I have a hard time finding an adoption center for little ratties, can someone please direct me?  South Carolina only! Thank you so much!


----------



## Karagraaf (Oct 14, 2011)

well I can't find a thing around me, the closest I can find is a rast rescue based in GA, but i hate to travel that far. try craigs lists maybe or even pet finder.com, it's hard to find rats around here that aren't from pet shops!


----------



## kitcatcodi (Jan 8, 2012)

It is so so hard!  It makes me sad, because I know Sully would just love a pal. I'll take a looksie at petfinder and craigslist, thanks!


----------



## GhostMouse (Sep 6, 2011)

If I know the rescue you're thinking of (The GA Rat Rescue), it would probably be a 4 hour drive (one way) depending on where in SC you are. I know they are just about to (or just have) take in a huge number of young rats, and are in serious need of homes. If you contact them, you might be able to arrange to meet someone halfway. I know that's a long drive, but if you could meet in the middle, it would only be 2 hours each way, meaning only 4 hours of driving instead of 8 for you.
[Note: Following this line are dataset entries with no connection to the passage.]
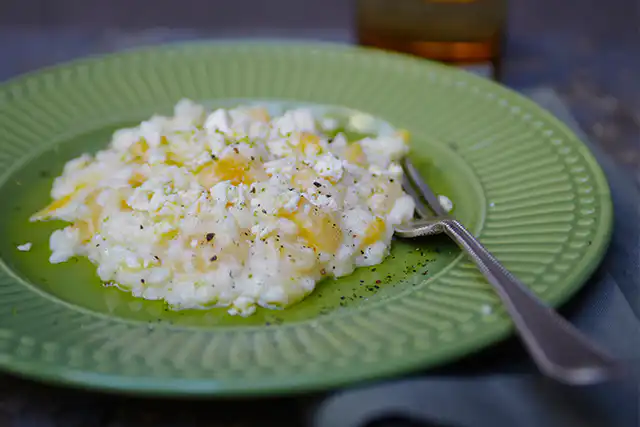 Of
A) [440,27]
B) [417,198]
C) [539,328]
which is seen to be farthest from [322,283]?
[440,27]

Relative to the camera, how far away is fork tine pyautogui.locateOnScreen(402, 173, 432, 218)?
1.50 m

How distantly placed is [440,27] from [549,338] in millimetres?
1333

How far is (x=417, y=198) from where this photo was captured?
1553 millimetres

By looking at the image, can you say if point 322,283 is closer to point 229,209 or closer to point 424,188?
point 229,209

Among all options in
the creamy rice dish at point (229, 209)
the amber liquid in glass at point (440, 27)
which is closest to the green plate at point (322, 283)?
the creamy rice dish at point (229, 209)

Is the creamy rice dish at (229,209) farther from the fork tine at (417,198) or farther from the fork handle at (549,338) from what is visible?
the fork handle at (549,338)

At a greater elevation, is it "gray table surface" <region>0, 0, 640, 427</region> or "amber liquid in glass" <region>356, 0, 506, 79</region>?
"amber liquid in glass" <region>356, 0, 506, 79</region>

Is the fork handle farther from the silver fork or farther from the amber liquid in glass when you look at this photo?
the amber liquid in glass

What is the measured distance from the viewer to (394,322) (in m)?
1.17

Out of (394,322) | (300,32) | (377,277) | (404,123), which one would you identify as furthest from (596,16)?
(394,322)

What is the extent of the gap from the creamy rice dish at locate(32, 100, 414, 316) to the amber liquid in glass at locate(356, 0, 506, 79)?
61 cm

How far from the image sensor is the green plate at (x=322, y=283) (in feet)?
3.51

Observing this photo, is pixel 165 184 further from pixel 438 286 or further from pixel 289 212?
pixel 438 286

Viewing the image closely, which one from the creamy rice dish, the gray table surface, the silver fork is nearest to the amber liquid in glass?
the gray table surface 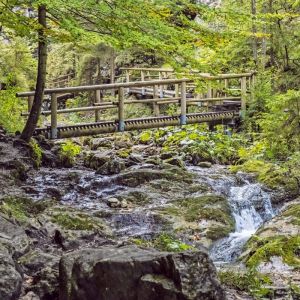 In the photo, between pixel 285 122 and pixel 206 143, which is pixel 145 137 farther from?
pixel 285 122

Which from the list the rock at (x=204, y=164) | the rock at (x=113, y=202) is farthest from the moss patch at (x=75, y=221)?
the rock at (x=204, y=164)

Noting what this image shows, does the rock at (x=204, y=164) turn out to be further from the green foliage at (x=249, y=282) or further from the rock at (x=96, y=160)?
the green foliage at (x=249, y=282)

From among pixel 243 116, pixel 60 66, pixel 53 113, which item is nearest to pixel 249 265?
pixel 53 113

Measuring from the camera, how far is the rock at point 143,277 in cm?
332

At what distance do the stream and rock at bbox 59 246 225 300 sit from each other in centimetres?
288

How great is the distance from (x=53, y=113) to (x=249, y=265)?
20.9 feet

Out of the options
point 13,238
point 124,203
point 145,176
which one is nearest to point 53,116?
point 145,176

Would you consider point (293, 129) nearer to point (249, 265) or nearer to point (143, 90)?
point (249, 265)

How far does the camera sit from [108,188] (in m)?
9.29

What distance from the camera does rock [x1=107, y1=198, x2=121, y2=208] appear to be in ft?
26.8

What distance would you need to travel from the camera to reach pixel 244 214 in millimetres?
8516

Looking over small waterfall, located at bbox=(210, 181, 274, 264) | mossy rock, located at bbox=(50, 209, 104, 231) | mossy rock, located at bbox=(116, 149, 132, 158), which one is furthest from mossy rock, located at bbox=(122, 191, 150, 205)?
mossy rock, located at bbox=(116, 149, 132, 158)

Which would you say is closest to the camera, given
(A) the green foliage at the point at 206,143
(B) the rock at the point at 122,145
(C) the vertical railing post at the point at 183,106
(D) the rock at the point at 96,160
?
(D) the rock at the point at 96,160

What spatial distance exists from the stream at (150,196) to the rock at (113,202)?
0.08m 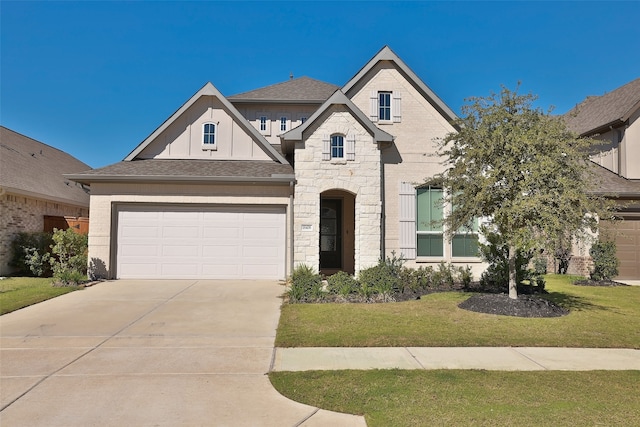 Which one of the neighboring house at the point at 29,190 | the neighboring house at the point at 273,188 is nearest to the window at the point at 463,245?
the neighboring house at the point at 273,188

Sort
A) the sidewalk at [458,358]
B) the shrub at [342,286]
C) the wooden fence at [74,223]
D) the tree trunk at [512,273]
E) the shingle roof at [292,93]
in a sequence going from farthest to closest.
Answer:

Of course, I know that's still a lot of driving, so I second Petfinder. Be wary of Craigslist because you may encounter backyard breeders pretending they have accidental litters. Then again, you may find honest people who got unlucky with their pet store rat.


----------



## Melfry32 (May 9, 2012)

I have 3 males in upstate SC that I am trying to rehome. Would you be interested? I would like that they all would go to the same place. They've been cage-mates for a while. I also have a cage and all the necessary accessories.


----------



## Lucys_Mom (Feb 27, 2012)

I am in Virginia, but have family in Charleston, and often come down to visit. I will be able to arrange something, if you're interested in any of my rescue ratties. Send me a message if you're interested. Thank you!


----------